§ AVAILABLE RECORDS
==================================================
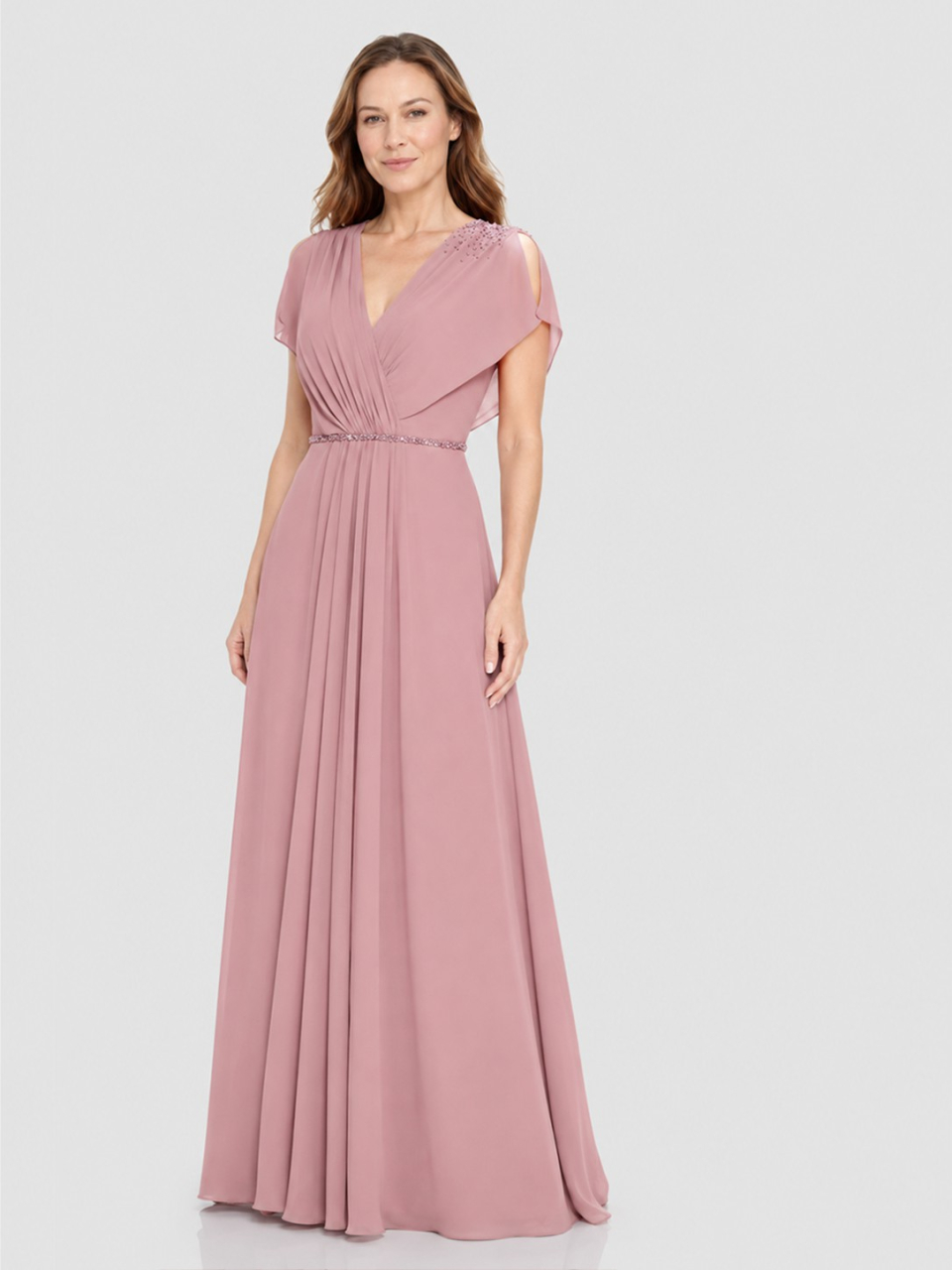 mousseline mère de la robe de mariée_Marine Blue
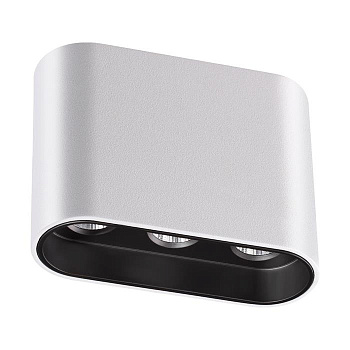 Novotech 357948 NT19 027 белый/черный Накладной светильник IP20 LED 3000К 7W 220-240V BELLA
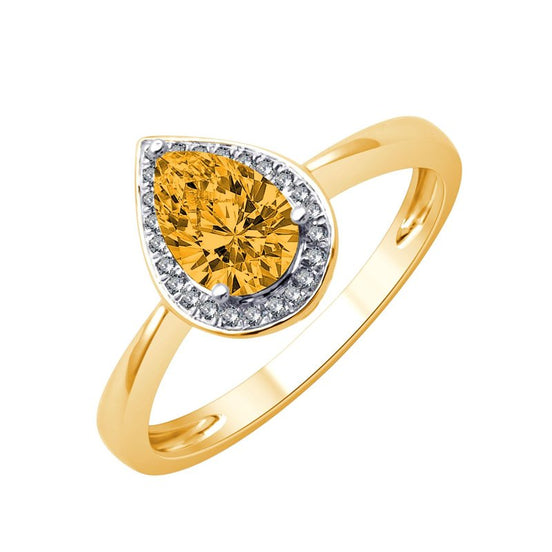 Toi & Moi Citrine 0,58ct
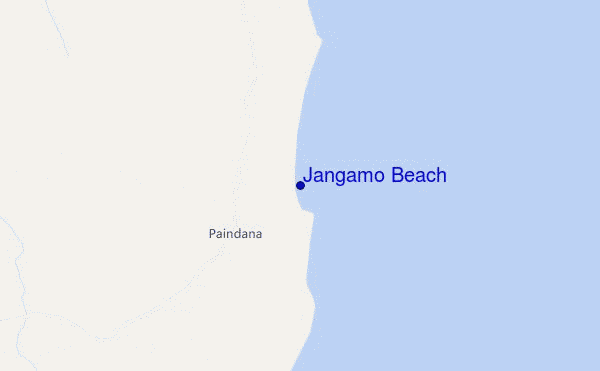 Jangamo Beach location map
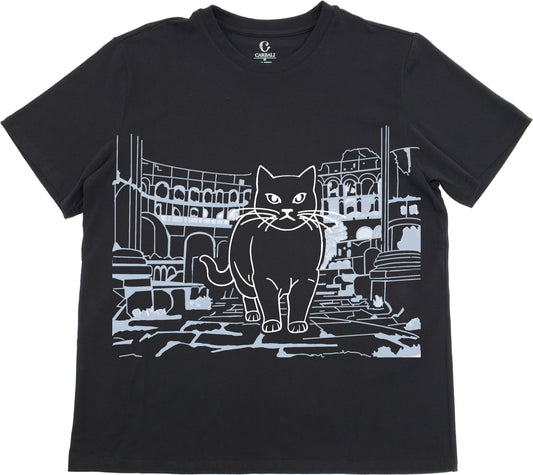 "Rosie" in Rome | Cotton crewneck graphic printed T-shirt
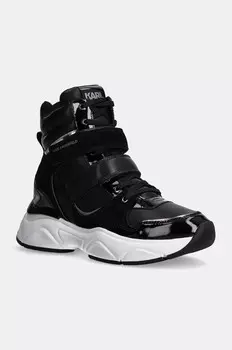 Karl Lagerfeld Кожаные кроссовки KOMET WEDGE, черный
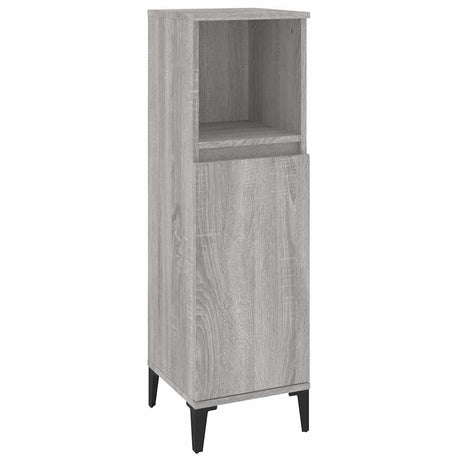 Vidaxl badkamerkast 30x30x100 cm bewerkt hout grijs sonoma eikenkleur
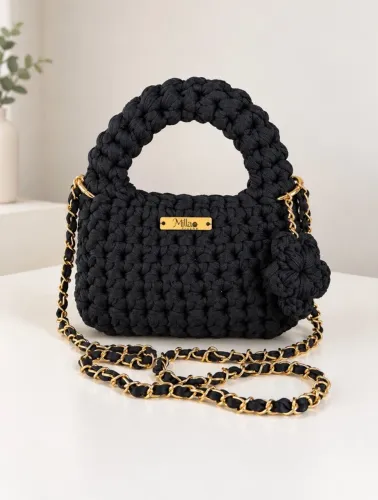 Bolsa de Crochê Fio de Malha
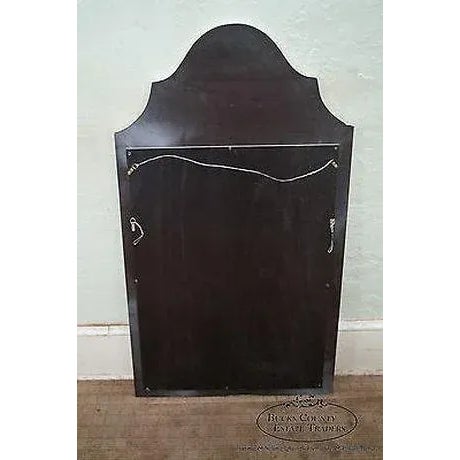 Hand Painted Venetian Andrea Davinci Braun Mirror For Sale - Image 11 of 13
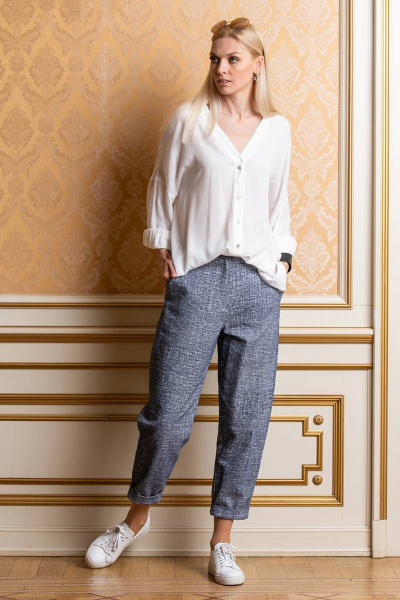 Брюки Achosa 501 синий - фото 1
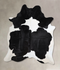 Black and White X-Large Brazilian Cowhide Rug 7'4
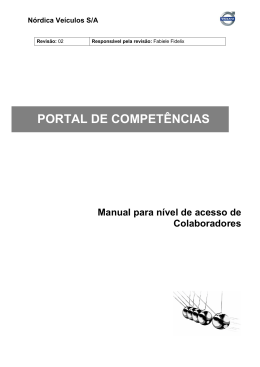 PORTAL DE COMPET&Ecirc;NCIAS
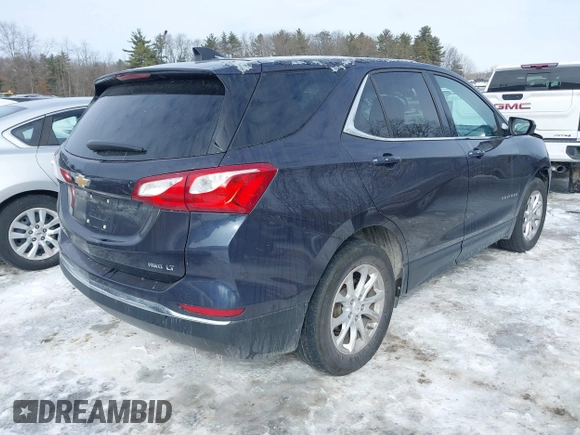 2019 Chevrolet Equinox LT z VIN 3GNAXUEV2KS548130, wystawiony jako IAAI lot #41587689 z przebiegiem 70 019 mil mil oraz . Historia ofert i sprzedaży dostępna na DreamBid. Obrazek 4.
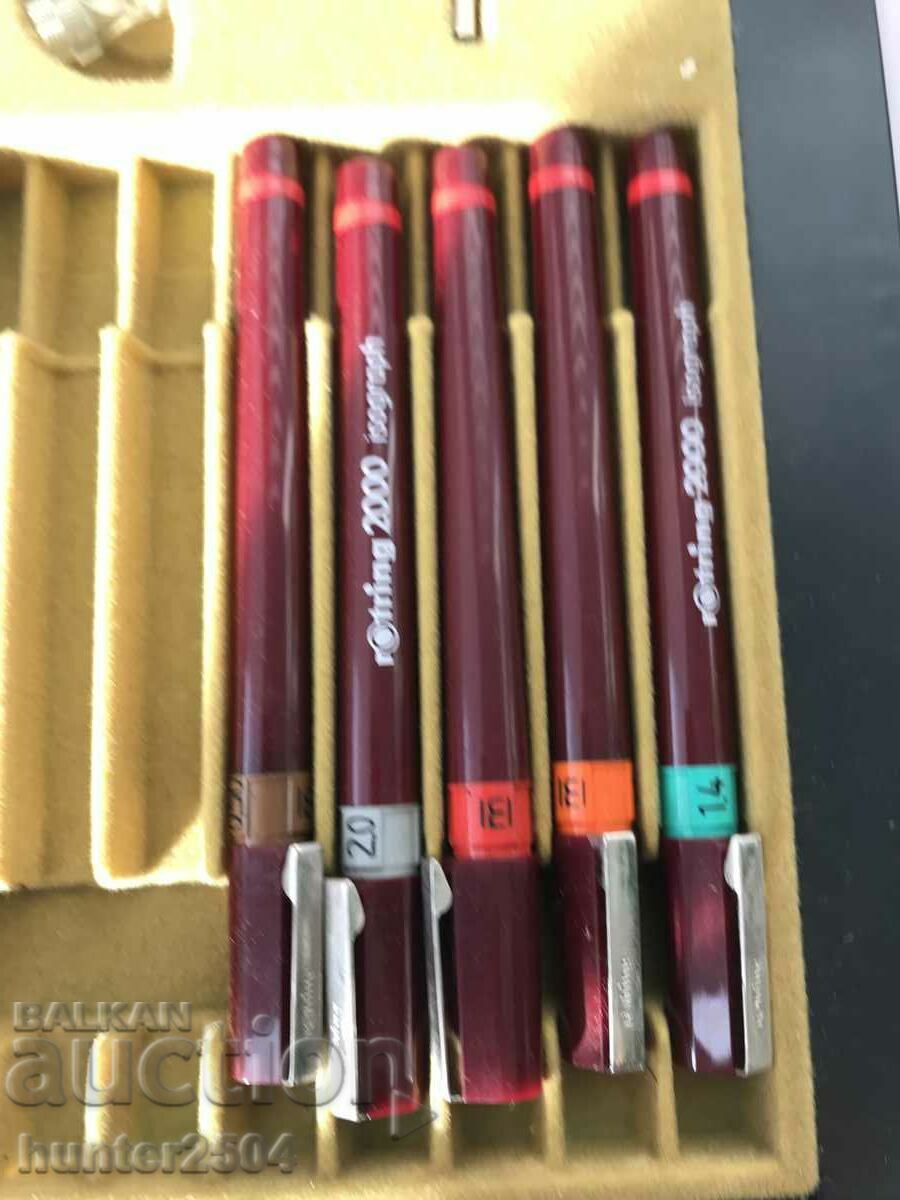 Rapidographs Rotring2000-part of a set with price 39.95 BGN | € 20.43 Rapidographs Rotring2000-part of a set with price 39.95 BGN | € 20.43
==================================================
§ ACTIVITY
Take the preceding listing and transcribe it exactly, skipping the pictures.

§ TASK ANSWER
 mousseline mère de la robe de mariée_Marine Blue
 Novotech 357948 NT19 027 белый/черный Накладной светильник IP20 LED 3000К 7W 220-240V BELLA
 Toi & Moi Citrine 0,58ct
 Jangamo Beach location map
 "Rosie" in Rome | Cotton crewneck graphic printed T-shirt
 Karl Lagerfeld Кожаные кроссовки KOMET WEDGE, черный
 Vidaxl badkamerkast 30x30x100 cm bewerkt hout grijs sonoma eikenkleur
 Bolsa de Crochê Fio de Malha
 Hand Painted Venetian Andrea Davinci Braun Mirror For Sale - Image 11 of 13
 Брюки Achosa 501 синий - фото 1
 Black and White X-Large Brazilian Cowhide Rug 7'4
 PORTAL DE COMPET&Ecirc;NCIAS
 2019 Chevrolet Equinox LT z VIN 3GNAXUEV2KS548130, wystawiony jako IAAI lot #41587689 z przebiegiem 70 019 mil mil oraz . Historia ofert i sprzedaży dostępna na DreamBid. Obrazek 4.
 Rapidographs Rotring2000-part of a set with price 39.95 BGN | € 20.43 Rapidographs Rotring2000-part of a set with price 39.95 BGN | € 20.43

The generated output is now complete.